**Problem description:** Each line of the data that mentions the string "House" needs to be identified and copied.
(Beginning of Task input)
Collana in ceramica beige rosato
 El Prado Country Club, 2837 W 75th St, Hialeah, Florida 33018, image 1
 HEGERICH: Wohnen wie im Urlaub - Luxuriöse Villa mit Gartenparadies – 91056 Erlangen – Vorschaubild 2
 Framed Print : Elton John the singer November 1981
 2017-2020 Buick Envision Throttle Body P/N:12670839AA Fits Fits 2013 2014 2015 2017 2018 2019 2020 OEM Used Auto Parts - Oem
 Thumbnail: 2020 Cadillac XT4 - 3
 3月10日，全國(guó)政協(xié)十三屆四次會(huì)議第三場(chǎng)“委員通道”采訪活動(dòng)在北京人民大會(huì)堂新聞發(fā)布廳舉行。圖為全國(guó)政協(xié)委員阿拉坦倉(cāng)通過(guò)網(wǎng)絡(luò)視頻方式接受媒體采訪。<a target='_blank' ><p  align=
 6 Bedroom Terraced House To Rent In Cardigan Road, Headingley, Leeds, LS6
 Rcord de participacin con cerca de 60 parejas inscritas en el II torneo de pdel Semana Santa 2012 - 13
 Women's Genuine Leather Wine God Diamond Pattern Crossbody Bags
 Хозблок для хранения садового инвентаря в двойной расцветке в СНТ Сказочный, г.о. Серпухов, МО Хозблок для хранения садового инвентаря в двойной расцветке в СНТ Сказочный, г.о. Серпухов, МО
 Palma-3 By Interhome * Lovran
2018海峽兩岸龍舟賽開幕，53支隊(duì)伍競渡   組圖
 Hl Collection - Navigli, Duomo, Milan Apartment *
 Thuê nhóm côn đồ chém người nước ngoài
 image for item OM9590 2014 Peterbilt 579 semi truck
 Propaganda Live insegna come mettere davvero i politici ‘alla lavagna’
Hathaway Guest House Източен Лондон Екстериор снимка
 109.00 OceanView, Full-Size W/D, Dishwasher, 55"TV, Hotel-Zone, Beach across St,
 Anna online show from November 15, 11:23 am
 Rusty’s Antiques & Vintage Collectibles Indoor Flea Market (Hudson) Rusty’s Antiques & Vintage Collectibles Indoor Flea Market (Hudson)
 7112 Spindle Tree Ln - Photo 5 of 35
(End of Task input)
**Task solution:**
 6 Bedroom Terraced House To Rent In Cardigan Road, Headingley, Leeds, LS6
Hathaway Guest House Източен Лондон Екстериор снимка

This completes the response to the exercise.